The state of world education may be likened to ships in the Age of Discovery without Longitude: drifting, blind, and forever at risk of wasting the treasure they carry in precious future potential.
In the 1600s, Francis Bacon was spending his life advancing the idea that structured knowledge--a method called scientific inquiry--could change the world and enrich human kind. He was ridiculed and held in contempt. He said he had invented the invention of inventions, a machine for propelling knowledge. Scientists castigate Bacon even today because there is nothing physical to show in his proposition.
I am following in Bacon's footsteps. I am laughed at because Play is seen as laughable. But it is obvious that the same kind of intellectual construct and principle is needed in education--, an overarching theory rooted in brain science as well as in nature is called for to help re-orient education to a new foundation. Calling for such a machine or process is one thing (a good imagination might just catch a glimpse of such a vision). But engineering the process, laying down the track, building the vehicle, and framing the theory, and having it recognized by the likes of the OECD--all that is yet another thing.
We can all call for more creativity and innovation, but unless there is a way to infuse and open the learning culture, we will be stalled and thwarted. Something is needed that can outsmart the system and the culture itself. We live in a world that is as resistant to change as much as it hungers for it. We have to reach people early to inculcate the values and quality of mind needed for change. My invention does that.
In addition to creating a new pathway for education, my invention has implications for public health, violence prevention, productive and innovative thinking. It is an open-source program: once you grasp its essentials, there is no place you can't go with it.
I hope you don't mind my injecting a new tangent to the commentary here. If anybody is interested or has questions related to culture change and reform, I will be happy to respond.
Thank you.
Sincerely,
Jeffrey L. Peyton, Inventor
puppetools and play language
Posted by: Jeffrey L. Peyton | September 25, 2009 at 12:45 PM
I enjoyed the article and agree with your premise. I work in an urban public school district that serves predominantly African-American and Hispanic students and am dismayed by the substandard instruction that too many of our students are "force-fed" each day.
I am concerned about that too much local control is a significant contributing factor to the conditions in the district. The community that I live in and serve does not generate enough money to fund its own educational system and relies on the state for nearly 80% of its funding. But the state does not dictate to the local board of education.

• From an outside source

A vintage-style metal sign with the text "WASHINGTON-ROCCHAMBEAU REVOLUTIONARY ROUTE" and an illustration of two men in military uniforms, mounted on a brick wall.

So, while I am not a classroom teacher, I help those subversive innovators in our district of traditional schools to "raise a crop that can sustain itself through a lifetime of learning." I'm proud of that, but there are too many forces that want to keep the substandard conditions in districts like ours, and allow other districts in the state to continue to flourish, because so many of our students eventually become grist for mills of the prison industry and other government industries.
I guess I think it is important to address those racial and class-based differences directly.
Thanks for your thoughts.
Posted by: Kelly | September 25, 2009 at 01:10 PM
Kelly,
Catching up after some time on the road. I appreciate you helping us see how this premise bears special relevance in the urban public school setting. I was a follower of HBO's "The Wire." One season was based in a Baltimore middle school and did a great job of showing the negative impact of test prep. "Juking the stats" - sacrificing all creativity to get the scores up!
Best,
Peter
Posted by: Peter Pappas | October 05, 2009 at 01:12 PM
Jeffrey,
Catching up after some time on the road...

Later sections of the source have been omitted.